*** Opening of ENTRIES SHOWN ***

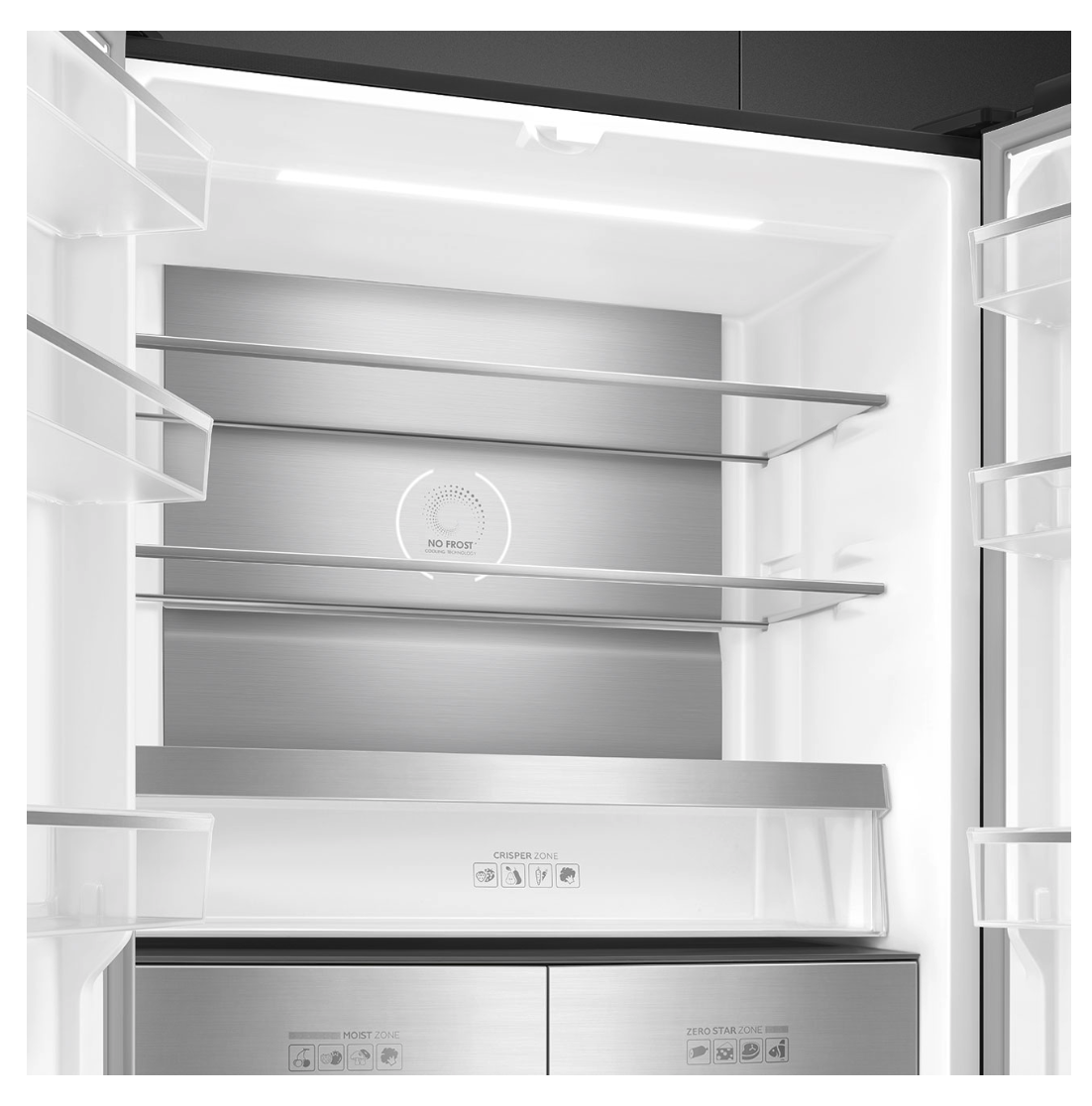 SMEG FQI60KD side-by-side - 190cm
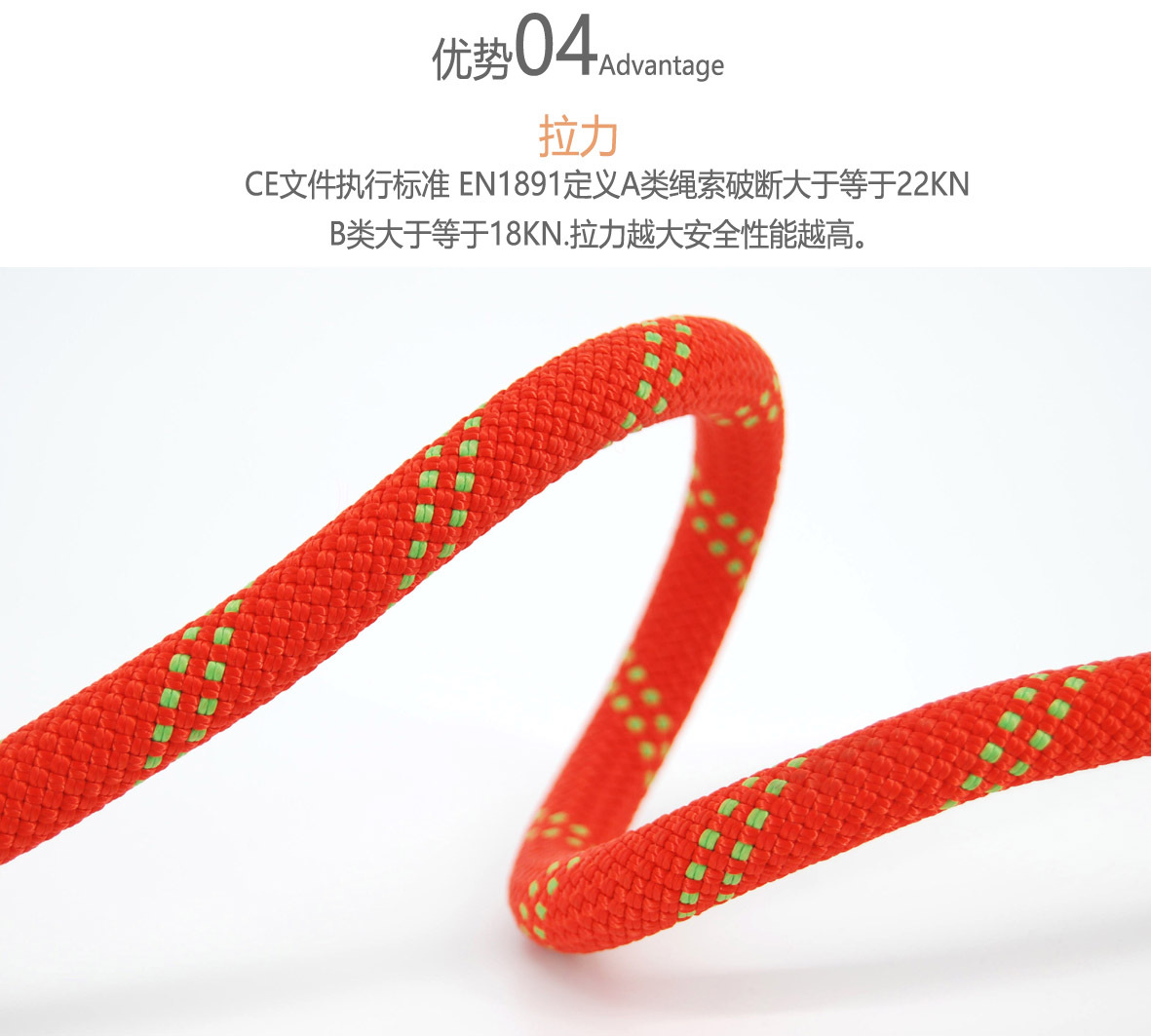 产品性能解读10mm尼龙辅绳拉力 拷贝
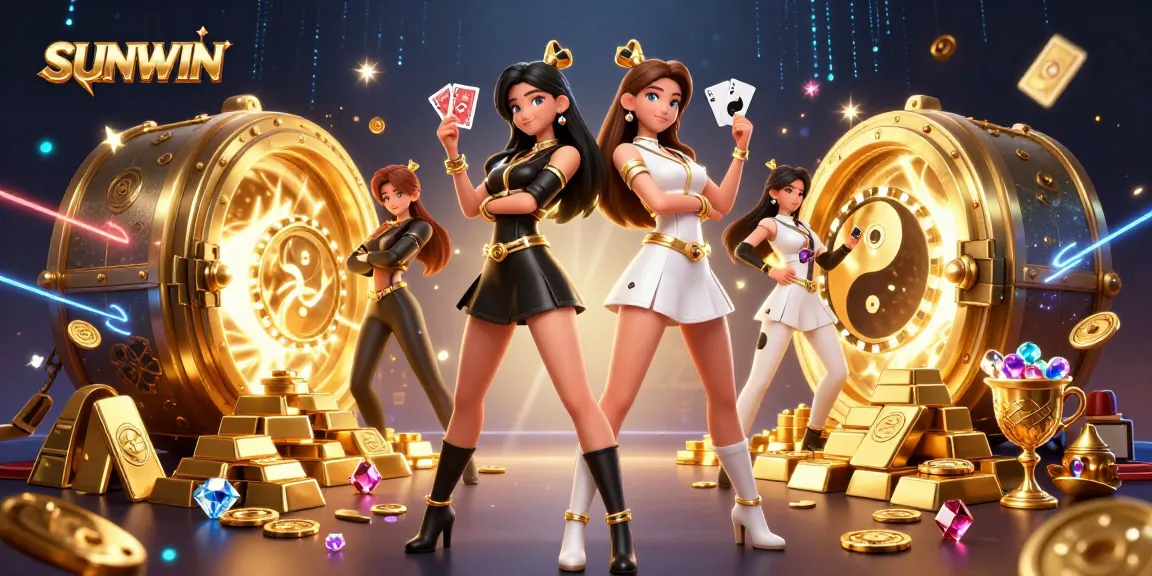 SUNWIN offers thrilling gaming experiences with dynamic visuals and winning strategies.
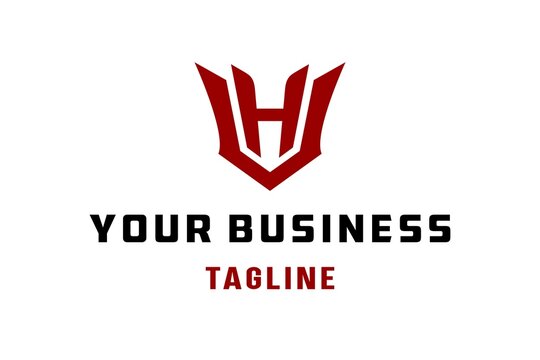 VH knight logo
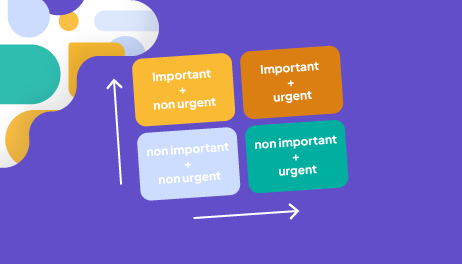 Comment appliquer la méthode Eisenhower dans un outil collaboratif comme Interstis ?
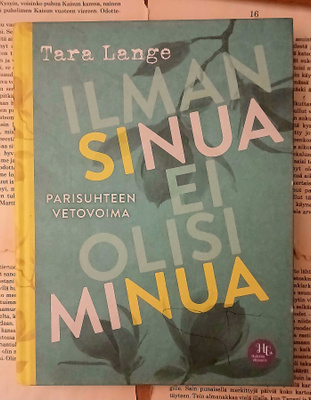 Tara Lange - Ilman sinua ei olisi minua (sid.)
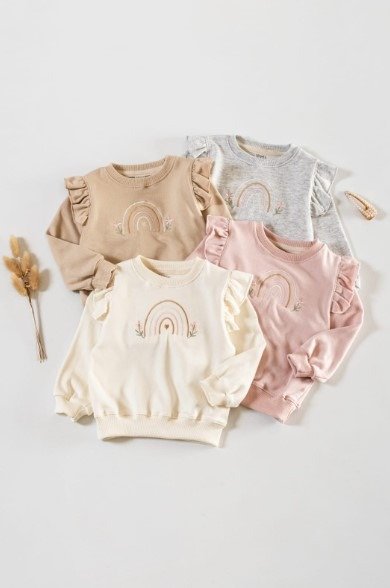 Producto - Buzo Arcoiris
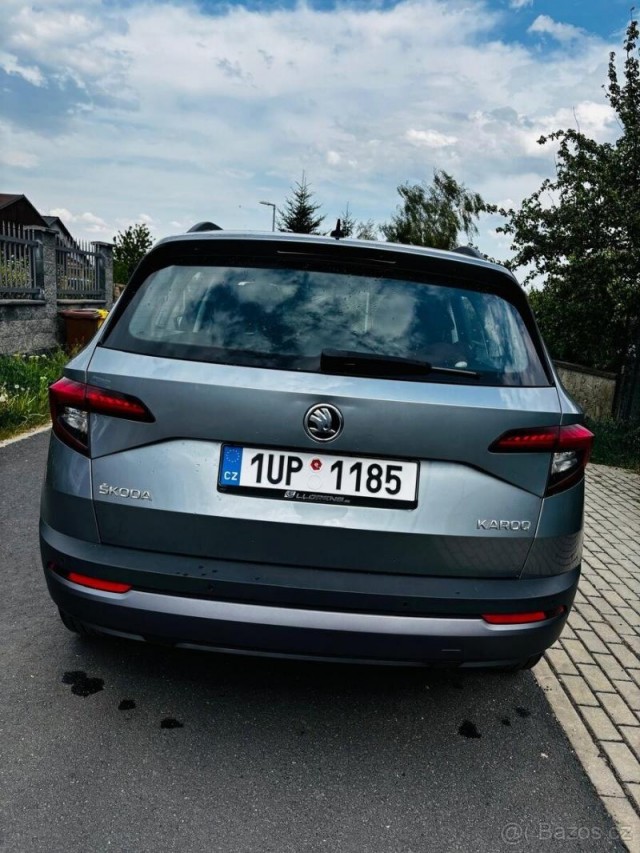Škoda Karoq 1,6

*** Close of ENTRIES SHOWN ***

TASK:
Down to the final line, restate the material above word for word, but omit its pictures.

EXERCISE ANSWER:
 SMEG FQI60KD side-by-side - 190cm
 产品性能解读10mm尼龙辅绳拉力 拷贝
 SUNWIN offers thrilling gaming experiences with dynamic visuals and winning strategies.
 VH knight logo
 Comment appliquer la méthode Eisenhower dans un outil collaboratif comme Interstis ?
 Tara Lange - Ilman sinua ei olisi minua (sid.)
 Producto - Buzo Arcoiris
Škoda Karoq 1,6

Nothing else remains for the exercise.